The wonders of wood
Having highlighted the importance of natural materials in my last blog, I thought it would be useful to explore how nature’s materials can play a sustainable, positive role within interior spaces – starting with the wonders of wood.
The obvious point – at least I hope it’s obvious – is that all wood used has to be sustainable, ideally delivering a net zero or positive impact on the environment. We tend to think ethically sourced wood comes from sustainable forest management – which is indeed essential – but true sustainability embraces the entire lifecycle, from planting seeds to eventual reuse. In short, to earn the title of ‘sustainable’, wood has to be both sourced and used sustainably.

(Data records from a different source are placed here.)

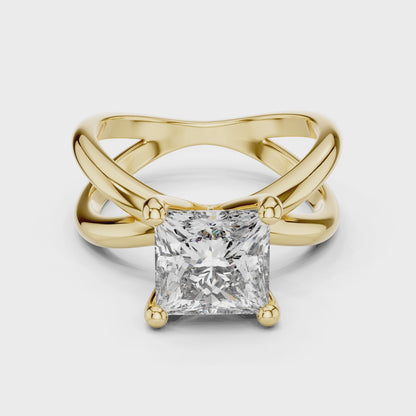 3 CT Princess Cut Lab Diamond Ring for Women | VVS-VS EF CVD Diamond | 18KT, 14KT, 10KT Gold & 925 Silver | Rose, Yellow, White Gold & Moissanite Options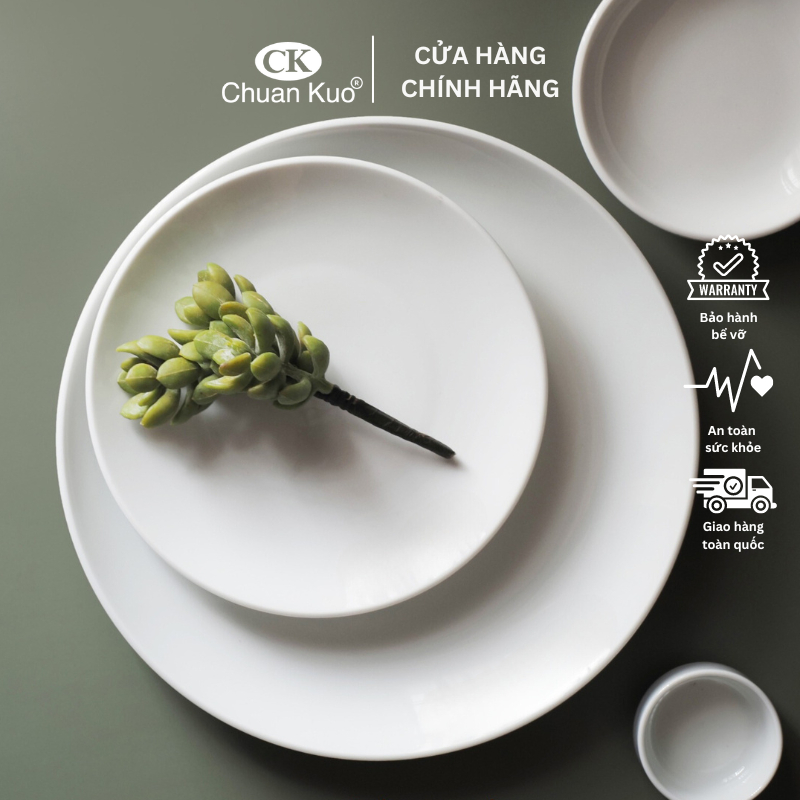 Đĩa tròn phẳng trắng trơn 16 17 20 22 26cm - Dĩa cạn trắng nhà hàng sứ CK sang trọng - Vỡ 1 đổi 1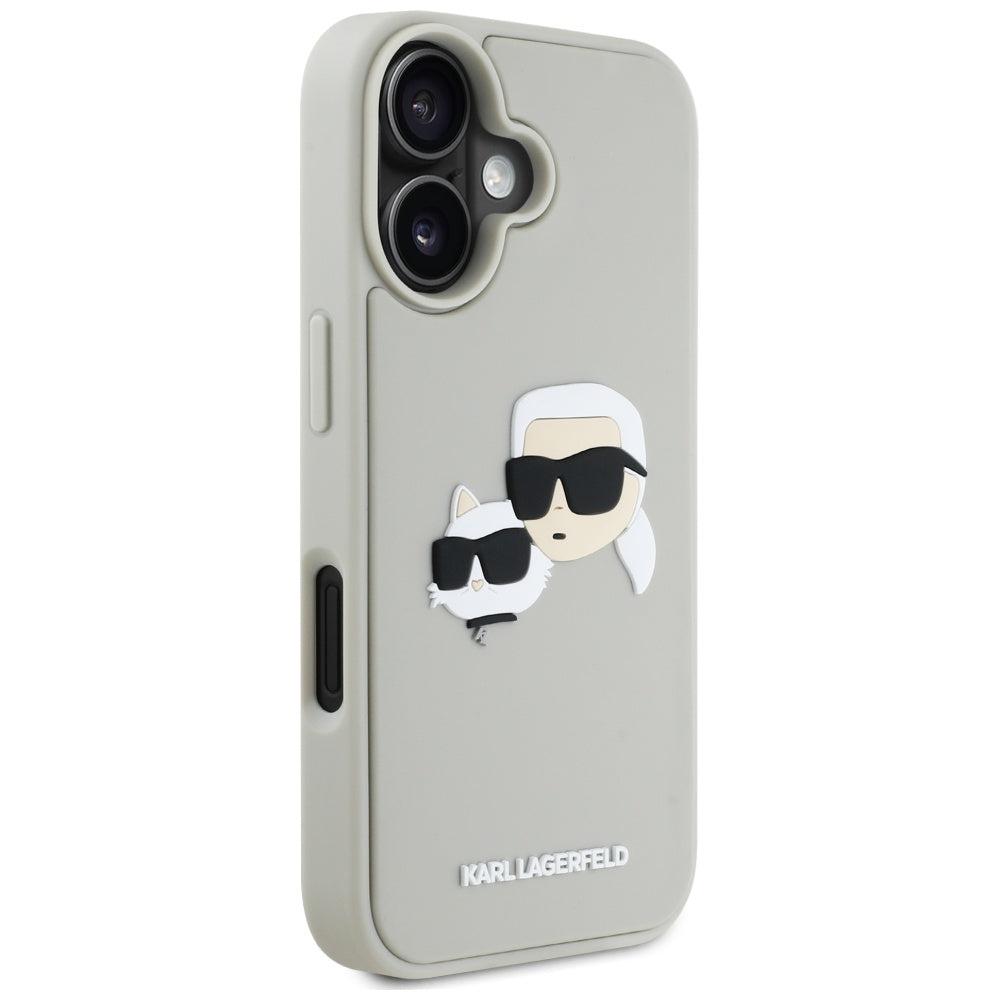 Funda para Apple iPhone 16, Karl Lagerfeld, 3D Rubber Karl & Choupette, Beige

In any project, your wood should be certified, usually by the FSC (Forest Stewardship Council) or the PEFC (Programme for the Endorsement of Forest Certification). It’s worth double checking: certification can be limited, unreliable, unaffordable by small producers, or just plain false. This is why Timber Legality Assurance Systems are being developed alongside compliance laws such as the EU Timber Regulations and the US Lacey Act.
Let’s assume you or your designer has secured this ethically sourced wood, freeing up space in a forest for sustainable ongoing tree planting. The longest stage of the lifecycle is about to begin, as you turn your wood into something that will lock up carbon for years to come.
The longer the wood lives on in this finished state, the better, but if it is deemed to be no longer useful, the good news it that wood is natural and hence biodegradable. It can be burned or buried, but beware of hidden nasties: good biophilic design avoids toxic glues, paints and additives.
Preferable to death is rebirth, so a much better way forward is to repair, recycle or repurpose wooden structures and designs. There is something magical about a tired wooden object, stripped down and given a new lease of life.
Mankind innovates brilliantly, but sometimes nature gives us the best tools!